Janthana Kaenprakhamroy, CEO and founder of Tapoly, the on-demand insurance provider for SMEs, commented in Big Data World that the biggest obstacles to implementing AI in insurance are the human issues.

She said the history of insurance has evolved to the current point in time where there is a shortage of adequate and good quality data, the data having been built for past priorities and past technologies. But better data and real-time data is becoming available to help insurers underwrite better. This in turn will stimulate demand for flexible insurance and on-demand insurance models, which are really what’s required to satisfy what consumers are looking for in this area.

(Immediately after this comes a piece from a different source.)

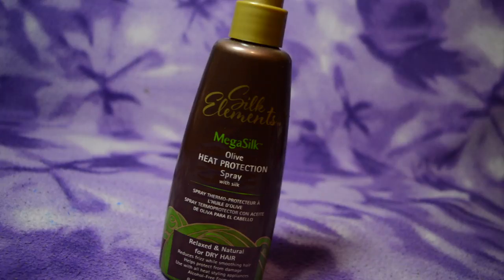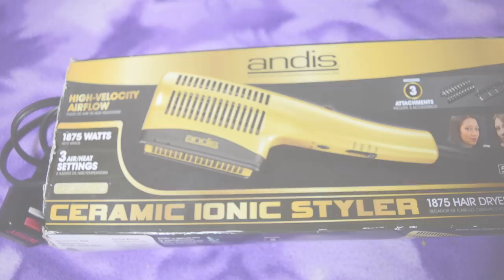I'm starting off on wet and detangled hair and I'm going to be using this heat protectant by Silk Elements. I'm going to blow dry my hair in sections, so first I'm going to spray that section with the heat protectant and make sure I work it in very well. If the section is too big I'm going to split it in half and work on smaller sections. I'm using the tension method — just pulling my hair, keeping it taut, and using medium heat setting.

“There are lessons to be learned from the early uses of AI,” commented Janthana Kaenprakhamroy. “The regulation also creates challenges,” she added. “For example, if we think about social media for understanding customer behaviour, which is now more restricted….or considering that pricing on an individual level can only come from data that is held within an individual insurer or platform.”

Katie King, CEO, AI in Marketing, and member of the All Party Parliamentary Group on AI (APPG AI) for the UK, commented that we are still at least two years away from creating customer centricity at scale using AI. There are so many different, conflicting popular views of artificial intelligence, she said, and the media is usually not very helpful by coming up with so many scare-mongering stories that are not knowledgeable about the issues.

“From my perspective, we are still in the early stages of looking at the customer journey [through the prism of AI] in all of its many ways,” commented Katie King.

“We are currently in the hype cycle,” commented Jeffrey Fung, Senior Data Scientist, Domestic and General, the UK’s leading specialist warranty provider.

“I see us being still decades away from implementing something that can learn by itself from unstructured data….The way you can use AI is in making the small changes, the incremental steps like [optimising] conversion rates and figuring out when the customer is ready to engage and communicate.”

The future is going to be about not just the hype. It’s going to build towards a new consumption model and a shift towards much greater self-selection and a faster, seamless way of buying insurance cover. We can expect to see more and more innovative use cases but at the same time automation can increase the risk that bad data could somehow be used to perpetuate bad decisions.

So we need to be clear, that automation actually increases the need for procedural rigour, business acumen and technical expertise, a forensic control mechanism of sorts. It’s changing the face of machine learning and speeding up model building, but speed does not always deliver simplicity.